» **About this exercise**
All of the data that follows should be given again exactly, without its images.

(Collected material)

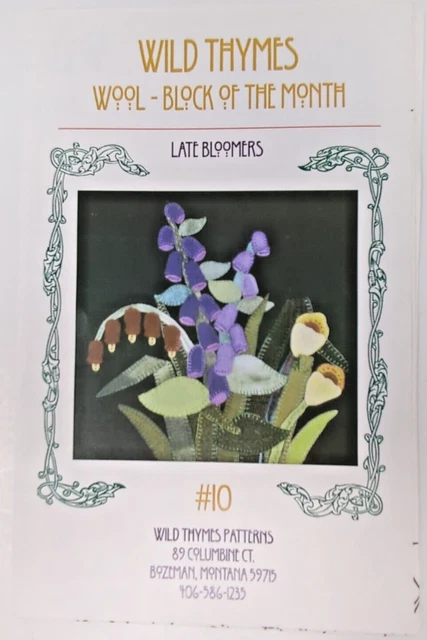 Edredón de lana aplique de lana LATE BLOOMERS WILD THYMES de Barb Cribb #10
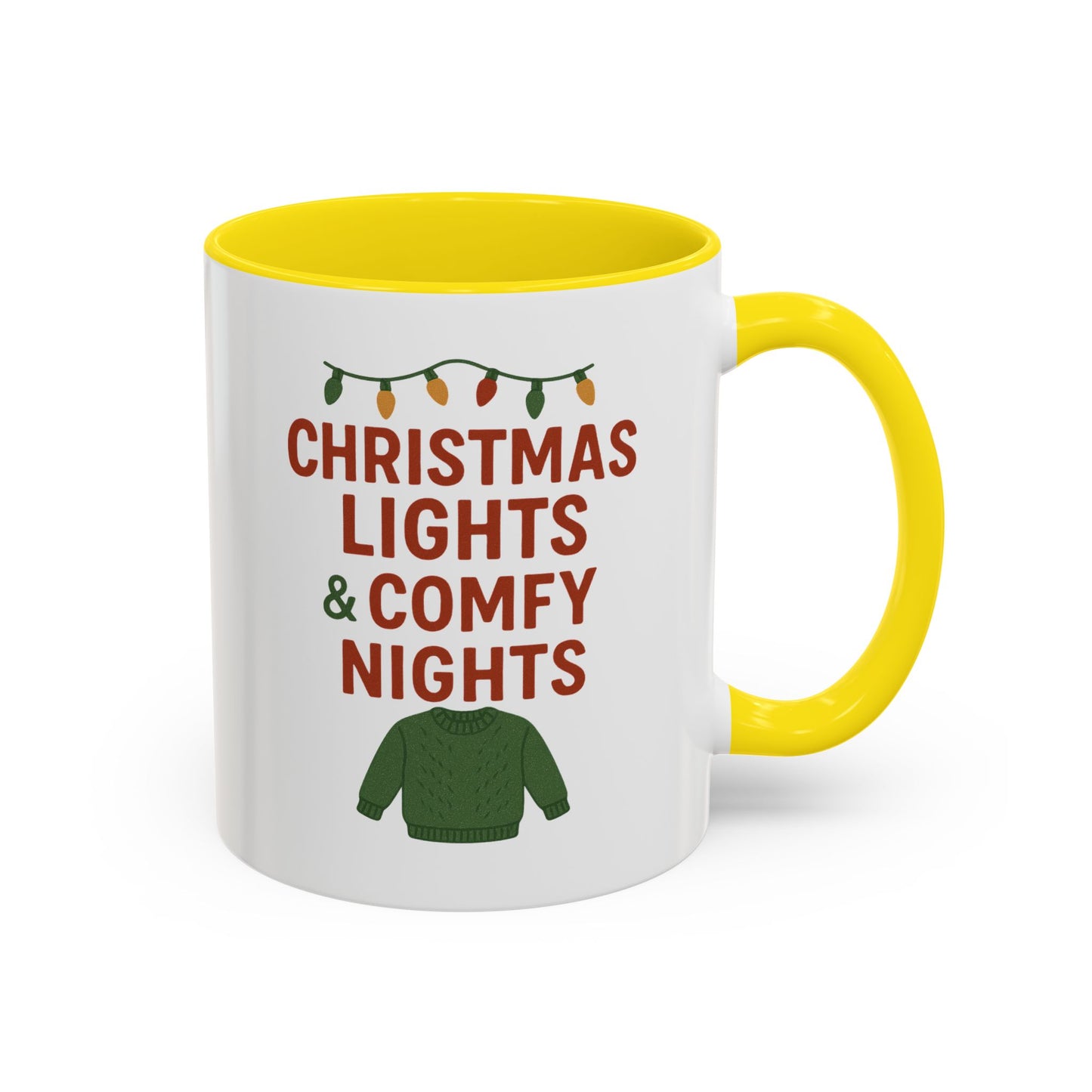 Christmas Lights & Comfy Nights Accent Coffee Mug — Holiday Cozy Sweater Tea Cup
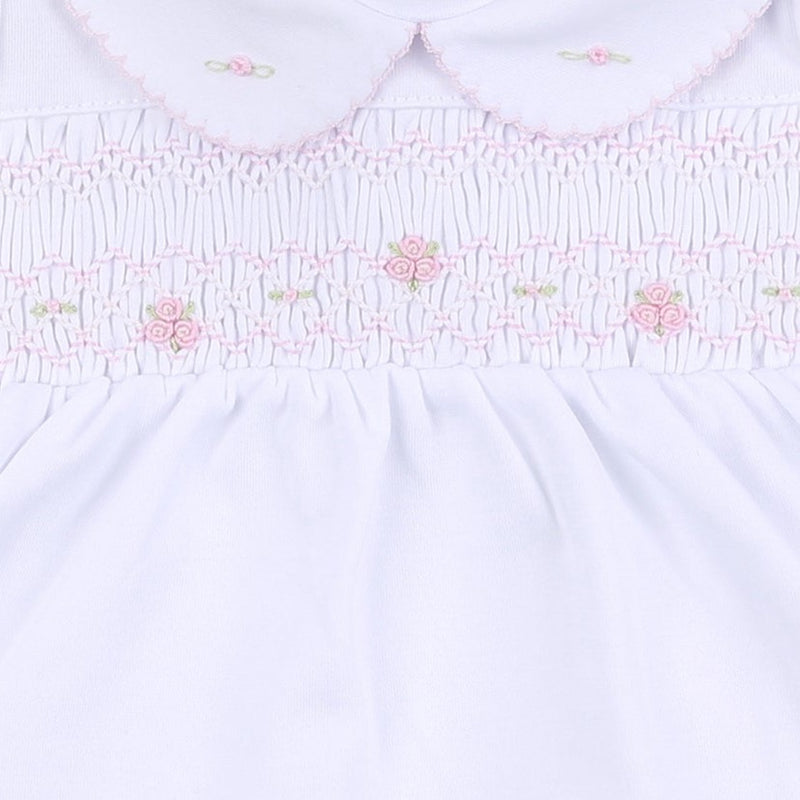 Alice and Andrew Pink Smocked Collared Ruffle S/S Diaper Cover Set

(End Collected material)

» **Your solution**
 Edredón de lana aplique de lana LATE BLOOMERS WILD THYMES de Barb Cribb #10
 Christmas Lights & Comfy Nights Accent Coffee Mug — Holiday Cozy Sweater Tea Cup
 Alice and Andrew Pink Smocked Collared Ruffle S/S Diaper Cover Set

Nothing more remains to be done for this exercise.